When a light ray intersects with normal geometry, the intersection point and the surface normal at that point are returned. Bump mapped geometry does the same thing, but additionally perturbs the surface normal so the surface no longer is shaded flatly.

The bump map itself is a function that takes a coordinate and returns a height offset for that point. To then compute the amount to perturb the normal by, the slope of the bump map at the given point is taken by sampling points a small distance apart, as described by Blinn. [1]

Looking up the perturbation for a surface normal in the bump map.

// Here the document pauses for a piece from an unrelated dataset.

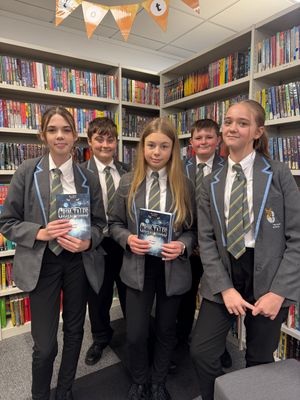 Picture caption:
The winning Hart School storytellers, left to right, include pupils Mylah McCabe, Ben Westwood, Verity Cooper, Riley Stevens, and Lola Dawson are pictured with the school’s Grim Tales compilation of spooky stories.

Bump mapping on an orange.

### Refraction

Refractive materials bend light according to their index of refraction. You may remember from grade 10 science that Snell's Law is used to find the change in angle as a ray crosses the boundary of materials with different indices of refraction:

$$\frac{\sin\theta_2}{\sin\theta_1} = \frac{n_1}{n_2}$$

Sometimes a solution to the equation in Snell's Law doesn't exist. In this case, there is total internal reflection, and the material acts like a reflective one. Additionally, refractive materials start acting more like reflective materials as incident angles grow closer to becoming tangent with the surface. The Schlick Approximation is used to calculate how much the material behaves like a reflective surface. [2] The resulting colour is a mix of a reflected and refracted ray according to the proportionality given by the Schlick Approximation.

A glass sphere.

### Glossy transmission

An additional parameter describing glossiness was added to the refractive material command. As described by Whitted, glossiness can be created by averaging random perturbations of the refracted ray. [3] I implemented this by generating a random ray in a cosine distribution about the refracted ray. The glossiness parameter on the material is used as a proportion with which to mix the original ray with the randomly perturbed ray (so 0 glossiness is just the original normal, and 1 is just the randomly perturbed one.)

The same image as before.

The same image, but with glossy refraction in the sphere.

### Glossy reflection

Similar to glossy transmission, a glossiness parameter was added to the gr.reflective() command to create reflective materials. In this case, the surface normal is the vector that gets perturbed. The glossiness parameter is used to mix the surface normal with a surface normal perturbed randomly in a cosine distribution. [3]

A reflective sphere.

The same reflective sphere, with gloss this time.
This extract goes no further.